AIM OF THE TASK: Please return each of the entries that follow, unchanged in every word.

───── GIVEN RECORDS ─────

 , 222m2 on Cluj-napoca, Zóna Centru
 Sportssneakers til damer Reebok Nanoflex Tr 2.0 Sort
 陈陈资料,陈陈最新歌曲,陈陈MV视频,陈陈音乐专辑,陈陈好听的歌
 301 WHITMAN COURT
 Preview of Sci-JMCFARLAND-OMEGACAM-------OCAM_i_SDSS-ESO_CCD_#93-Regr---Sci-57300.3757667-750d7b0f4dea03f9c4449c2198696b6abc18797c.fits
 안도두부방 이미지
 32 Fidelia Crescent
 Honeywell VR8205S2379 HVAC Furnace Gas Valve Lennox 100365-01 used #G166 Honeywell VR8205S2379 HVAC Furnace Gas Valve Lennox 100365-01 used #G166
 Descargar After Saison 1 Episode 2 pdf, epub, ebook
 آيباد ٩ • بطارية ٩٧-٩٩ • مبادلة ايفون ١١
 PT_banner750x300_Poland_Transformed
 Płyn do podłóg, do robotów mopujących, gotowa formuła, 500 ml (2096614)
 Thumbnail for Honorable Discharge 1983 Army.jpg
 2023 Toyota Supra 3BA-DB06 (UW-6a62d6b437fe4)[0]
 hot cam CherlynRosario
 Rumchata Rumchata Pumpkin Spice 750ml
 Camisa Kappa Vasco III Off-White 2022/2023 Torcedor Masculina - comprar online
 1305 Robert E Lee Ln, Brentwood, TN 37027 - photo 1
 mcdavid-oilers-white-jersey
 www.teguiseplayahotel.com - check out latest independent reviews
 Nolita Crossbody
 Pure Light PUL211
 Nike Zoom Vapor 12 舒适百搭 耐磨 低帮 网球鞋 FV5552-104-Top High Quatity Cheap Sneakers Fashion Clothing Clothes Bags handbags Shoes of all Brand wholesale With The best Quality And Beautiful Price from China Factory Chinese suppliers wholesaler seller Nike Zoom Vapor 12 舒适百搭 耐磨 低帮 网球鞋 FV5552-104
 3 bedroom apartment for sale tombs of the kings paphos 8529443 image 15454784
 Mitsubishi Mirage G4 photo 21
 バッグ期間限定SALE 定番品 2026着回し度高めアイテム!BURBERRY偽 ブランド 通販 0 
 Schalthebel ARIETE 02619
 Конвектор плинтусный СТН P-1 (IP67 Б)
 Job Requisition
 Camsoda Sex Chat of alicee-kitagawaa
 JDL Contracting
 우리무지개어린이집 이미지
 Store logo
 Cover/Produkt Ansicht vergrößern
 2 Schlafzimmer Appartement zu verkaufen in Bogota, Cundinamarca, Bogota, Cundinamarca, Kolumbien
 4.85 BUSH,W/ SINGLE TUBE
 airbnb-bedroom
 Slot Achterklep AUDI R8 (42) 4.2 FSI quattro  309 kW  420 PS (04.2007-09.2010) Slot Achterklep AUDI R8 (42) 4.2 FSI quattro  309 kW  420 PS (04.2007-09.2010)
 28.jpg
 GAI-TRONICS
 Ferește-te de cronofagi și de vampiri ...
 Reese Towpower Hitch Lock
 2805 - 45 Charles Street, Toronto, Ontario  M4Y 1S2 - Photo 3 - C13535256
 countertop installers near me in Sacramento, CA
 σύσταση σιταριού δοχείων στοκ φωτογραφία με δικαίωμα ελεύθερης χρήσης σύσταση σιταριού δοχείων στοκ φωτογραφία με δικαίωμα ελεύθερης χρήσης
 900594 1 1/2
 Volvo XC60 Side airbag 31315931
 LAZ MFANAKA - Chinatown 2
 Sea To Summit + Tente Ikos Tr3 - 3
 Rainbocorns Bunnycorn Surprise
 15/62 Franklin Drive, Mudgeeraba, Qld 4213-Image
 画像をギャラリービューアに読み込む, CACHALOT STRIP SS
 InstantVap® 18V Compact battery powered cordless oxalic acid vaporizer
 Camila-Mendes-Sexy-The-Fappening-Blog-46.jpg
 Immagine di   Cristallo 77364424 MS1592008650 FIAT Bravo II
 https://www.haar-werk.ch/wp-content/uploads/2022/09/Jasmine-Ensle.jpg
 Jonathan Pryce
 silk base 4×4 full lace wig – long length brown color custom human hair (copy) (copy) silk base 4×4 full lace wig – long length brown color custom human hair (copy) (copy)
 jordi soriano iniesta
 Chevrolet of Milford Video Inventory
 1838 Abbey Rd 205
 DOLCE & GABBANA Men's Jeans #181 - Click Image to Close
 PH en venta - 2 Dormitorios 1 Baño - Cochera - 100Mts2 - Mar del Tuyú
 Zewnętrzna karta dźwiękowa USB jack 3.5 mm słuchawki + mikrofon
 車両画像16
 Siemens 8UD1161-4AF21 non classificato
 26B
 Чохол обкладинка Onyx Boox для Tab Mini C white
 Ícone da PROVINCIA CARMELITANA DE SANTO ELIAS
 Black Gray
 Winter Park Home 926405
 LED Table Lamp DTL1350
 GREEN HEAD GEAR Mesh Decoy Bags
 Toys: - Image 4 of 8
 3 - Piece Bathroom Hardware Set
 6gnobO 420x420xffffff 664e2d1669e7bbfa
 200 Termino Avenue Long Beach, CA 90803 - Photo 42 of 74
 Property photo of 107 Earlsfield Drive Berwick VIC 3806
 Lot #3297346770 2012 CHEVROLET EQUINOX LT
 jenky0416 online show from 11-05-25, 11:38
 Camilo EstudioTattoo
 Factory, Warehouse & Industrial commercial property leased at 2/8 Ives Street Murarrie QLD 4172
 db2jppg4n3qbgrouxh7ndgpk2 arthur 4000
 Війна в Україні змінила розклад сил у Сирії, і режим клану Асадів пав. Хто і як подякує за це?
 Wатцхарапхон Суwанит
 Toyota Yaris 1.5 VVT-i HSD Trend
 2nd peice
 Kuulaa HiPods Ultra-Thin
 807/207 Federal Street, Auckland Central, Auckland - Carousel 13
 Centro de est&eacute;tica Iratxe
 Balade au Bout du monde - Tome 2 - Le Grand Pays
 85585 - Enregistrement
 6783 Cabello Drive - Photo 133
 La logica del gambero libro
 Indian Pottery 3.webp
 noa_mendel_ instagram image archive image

─────

TASK OUTPUT:
 , 222m2 on Cluj-napoca, Zóna Centru
 Sportssneakers til damer Reebok Nanoflex Tr 2.0 Sort
 陈陈资料,陈陈最新歌曲,陈陈MV视频,陈陈音乐专辑,陈陈好听的歌
 301 WHITMAN COURT
 Preview of Sci-JMCFARLAND-OMEGACAM-------OCAM_i_SDSS-ESO_CCD_#93-Regr---Sci-57300.3757667-750d7b0f4dea03f9c4449c2198696b6abc18797c.fits
 안도두부방 이미지
 32 Fidelia Crescent
 Honeywell VR8205S2379 HVAC Furnace Gas Valve Lennox 100365-01 used #G166 Honeywell VR8205S2379 HVAC Furnace Gas Valve Lennox 100365-01 used #G166
 Descargar After Saison 1 Episode 2 pdf, epub, ebook
 آيباد ٩ • بطارية ٩٧-٩٩ • مبادلة ايفون ١١
 PT_banner750x300_Poland_Transformed
 Płyn do podłóg, do robotów mopujących, gotowa formuła, 500 ml (2096614)
 Thumbnail for Honorable Discharge 1983 Army.jpg
 2023 Toyota Supra 3BA-DB06 (UW-6a62d6b437fe4)[0]
 hot cam CherlynRosario
 Rumchata Rumchata Pumpkin Spice 750ml
 Camisa Kappa Vasco III Off-White 2022/2023 Torcedor Masculina - comprar online
 1305 Robert E Lee Ln, Brentwood, TN 37027 - photo 1
 mcdavid-oilers-white-jersey
 www.teguiseplayahotel.com - check out latest independent reviews
 Nolita Crossbody
 Pure Light PUL211
 Nike Zoom Vapor 12 舒适百搭 耐磨 低帮 网球鞋 FV5552-104-Top High Quatity Cheap Sneakers Fashion Clothing Clothes Bags handbags Shoes of all Brand wholesale With The best Quality And Beautiful Price from China Factory Chinese suppliers wholesaler seller Nike Zoom Vapor 12 舒适百搭 耐磨 低帮 网球鞋 FV5552-104
 3 bedroom apartment for sale tombs of the kings paphos 8529443 image 15454784
 Mitsubishi Mirage G4 photo 21
 バッグ期間限定SALE 定番品 2026着回し度高めアイテム!BURBERRY偽 ブランド 通販 0 
 Schalthebel ARIETE 02619
 Конвектор плинтусный СТН P-1 (IP67 Б)
 Job Requisition
 Camsoda Sex Chat of alicee-kitagawaa
 JDL Contracting
 우리무지개어린이집 이미지
 Store logo
 Cover/Produkt Ansicht vergrößern
 2 Schlafzimmer Appartement zu verkaufen in Bogota, Cundinamarca, Bogota, Cundinamarca, Kolumbien
 4.85 BUSH,W/ SINGLE TUBE
 airbnb-bedroom
 Slot Achterklep AUDI R8 (42) 4.2 FSI quattro  309 kW  420 PS (04.2007-09.2010) Slot Achterklep AUDI R8 (42) 4.2 FSI quattro  309 kW  420 PS (04.2007-09.2010)
 28.jpg
 GAI-TRONICS
 Ferește-te de cronofagi și de vampiri ...
 Reese Towpower Hitch Lock
 2805 - 45 Charles Street, Toronto, Ontario  M4Y 1S2 - Photo 3 - C13535256
 countertop installers near me in Sacramento, CA
 σύσταση σιταριού δοχείων στοκ φωτογραφία με δικαίωμα ελεύθερης χρήσης σύσταση σιταριού δοχείων στοκ φωτογραφία με δικαίωμα ελεύθερης χρήσης
 900594 1 1/2
 Volvo XC60 Side airbag 31315931
 LAZ MFANAKA - Chinatown 2
 Sea To Summit + Tente Ikos Tr3 - 3
 Rainbocorns Bunnycorn Surprise
 15/62 Franklin Drive, Mudgeeraba, Qld 4213-Image
 画像をギャラリービューアに読み込む, CACHALOT STRIP SS
 InstantVap® 18V Compact battery powered cordless oxalic acid vaporizer
 Camila-Mendes-Sexy-The-Fappening-Blog-46.jpg
 Immagine di   Cristallo 77364424 MS1592008650 FIAT Bravo II
 https://www.haar-werk.ch/wp-content/uploads/2022/09/Jasmine-Ensle.jpg
 Jonathan Pryce
 silk base 4×4 full lace wig – long length brown color custom human hair (copy) (copy) silk base 4×4 full lace wig – long length brown color custom human hair (copy) (copy)
 jordi soriano iniesta
 Chevrolet of Milford Video Inventory
 1838 Abbey Rd 205
 DOLCE & GABBANA Men's Jeans #181 - Click Image to Close
 PH en venta - 2 Dormitorios 1 Baño - Cochera - 100Mts2 - Mar del Tuyú
 Zewnętrzna karta dźwiękowa USB jack 3.5 mm słuchawki + mikrofon
 車両画像16
 Siemens 8UD1161-4AF21 non classificato
 26B
 Чохол обкладинка Onyx Boox для Tab Mini C white
 Ícone da PROVINCIA CARMELITANA DE SANTO ELIAS
 Black Gray
 Winter Park Home 926405
 LED Table Lamp DTL1350
 GREEN HEAD GEAR Mesh Decoy Bags
 Toys: - Image 4 of 8
 3 - Piece Bathroom Hardware Set
 6gnobO 420x420xffffff 664e2d1669e7bbfa
 200 Termino Avenue Long Beach, CA 90803 - Photo 42 of 74
 Property photo of 107 Earlsfield Drive Berwick VIC 3806
 Lot #3297346770 2012 CHEVROLET EQUINOX LT
 jenky0416 online show from 11-05-25, 11:38
 Camilo EstudioTattoo
 Factory, Warehouse & Industrial commercial property leased at 2/8 Ives Street Murarrie QLD 4172
 db2jppg4n3qbgrouxh7ndgpk2 arthur 4000
 Війна в Україні змінила розклад сил у Сирії, і режим клану Асадів пав. Хто і як подякує за це?
 Wатцхарапхон Суwанит
 Toyota Yaris 1.5 VVT-i HSD Trend
 2nd peice
 Kuulaa HiPods Ultra-Thin
 807/207 Federal Street, Auckland Central, Auckland - Carousel 13
 Centro de est&eacute;tica Iratxe
 Balade au Bout du monde - Tome 2 - Le Grand Pays
 85585 - Enregistrement
 6783 Cabello Drive - Photo 133
 La logica del gambero libro
 Indian Pottery 3.webp
 noa_mendel_ instagram image archive image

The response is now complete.